**Task prompt**
Set down only these lines, exactly: the line containing "Image 13 of 45: Kitchen" and all lines through the end of the data below. Omit pictures.

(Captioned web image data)
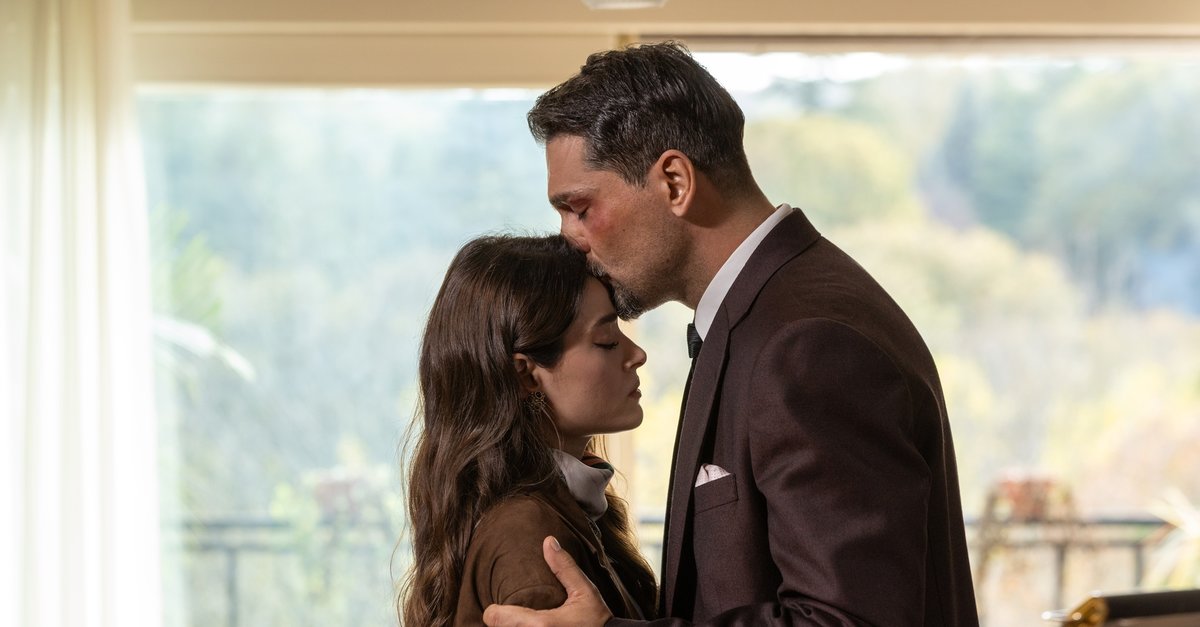 ATV’nin iddialı dizisi Aynadaki Yabancı ise yüzleşmelerin sertleştiği bir bölümle seyirci karşısındaydı. Emirhan’ın psikolojik üstünlüğü ele geçirdiği planı ve Defne’nin zor kararları diziyi yarışta güçlü tutmayı başardı.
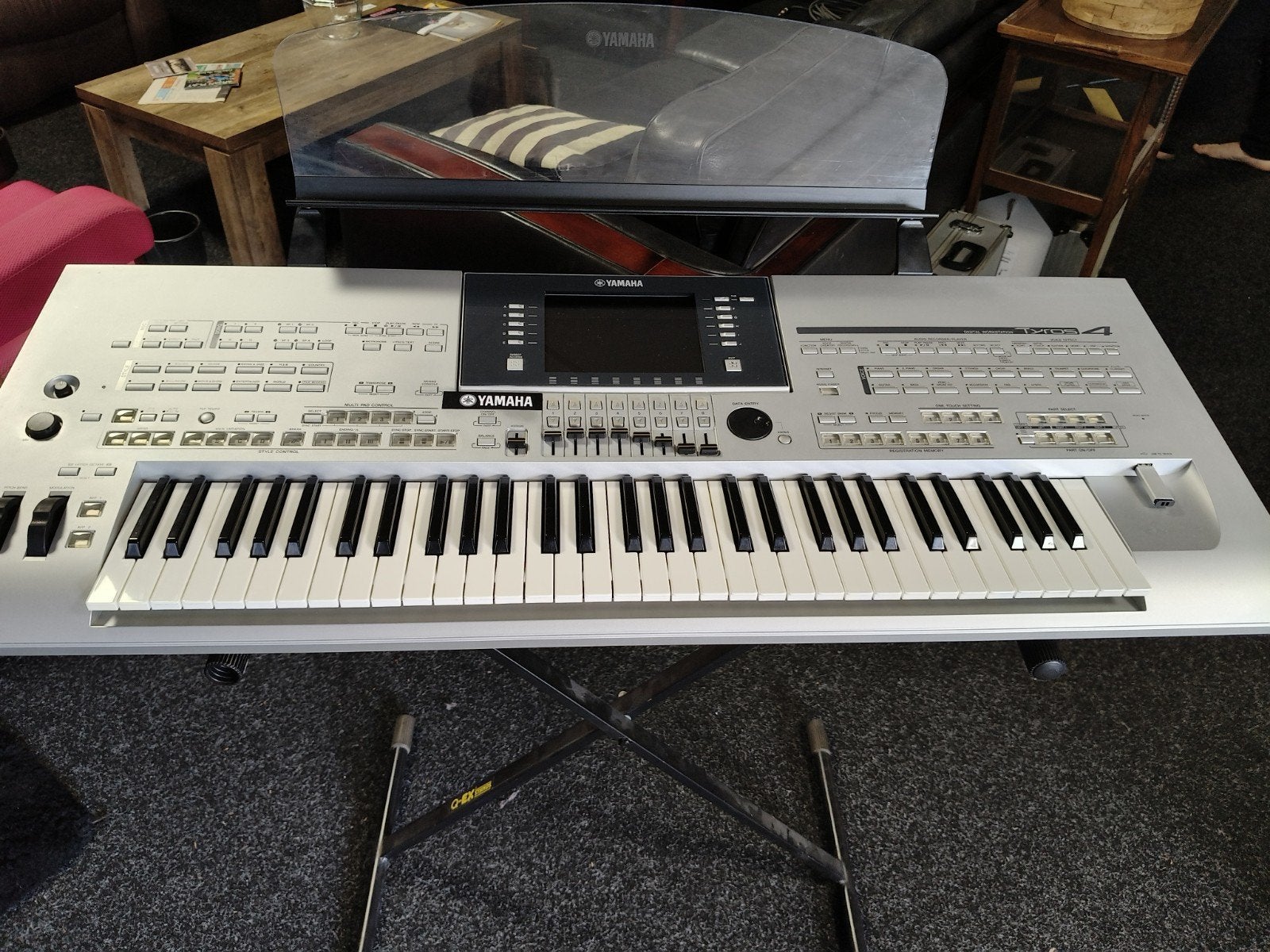 Yamaha Tyros 4, Ophalen, Midi-aansluiting, Yamaha, 61 toetsen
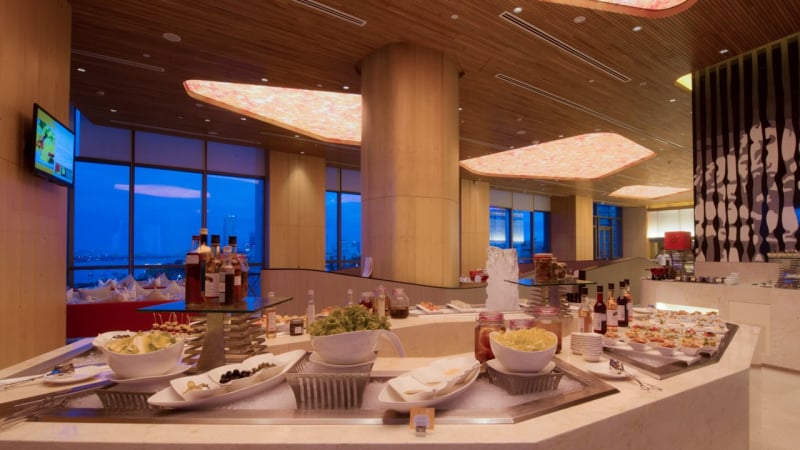 Khám phá thế giới ẩm thực tại Novotel Danang Premier Han River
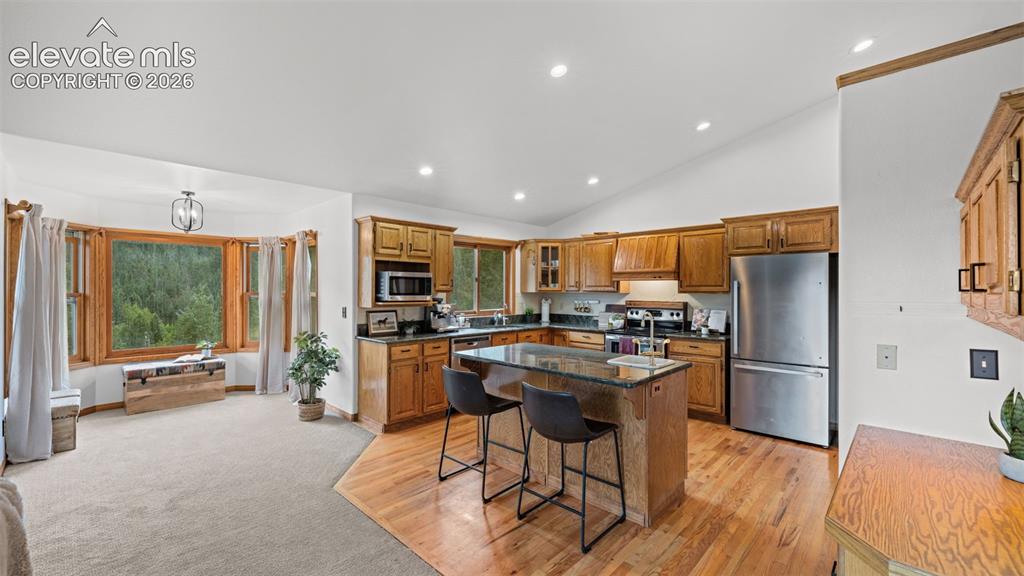 Image 13 of 45: Kitchen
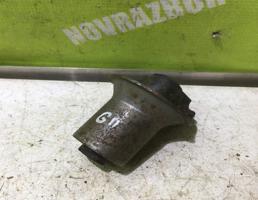 Сайлентблок задней балки для VW Golf 2 Jetta 2 83-92  запчасти бу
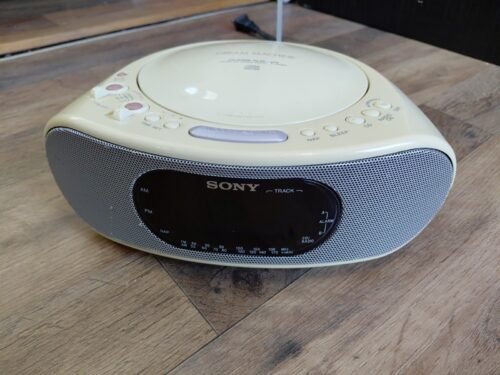 Sony Dream Machine ICF-CD831 AM/FM Radio/CD Player Alarm Clock Tested Works/Read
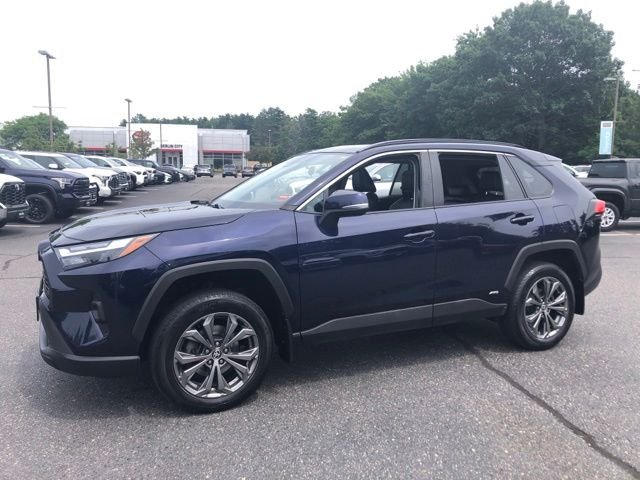 Used 2022 Blue Toyota XLE Premium image 7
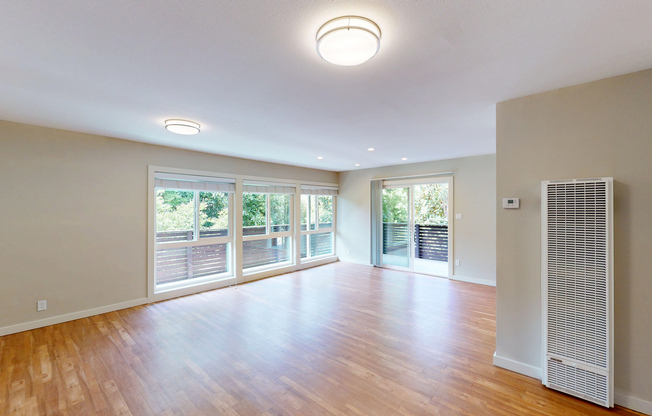 1441 CASA BUENA DR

**Solution to this exercise**
 Image 13 of 45: Kitchen
 Сайлентблок задней балки для VW Golf 2 Jetta 2 83-92  запчасти бу
 Sony Dream Machine ICF-CD831 AM/FM Radio/CD Player Alarm Clock Tested Works/Read
 Used 2022 Blue Toyota XLE Premium image 7
 1441 CASA BUENA DR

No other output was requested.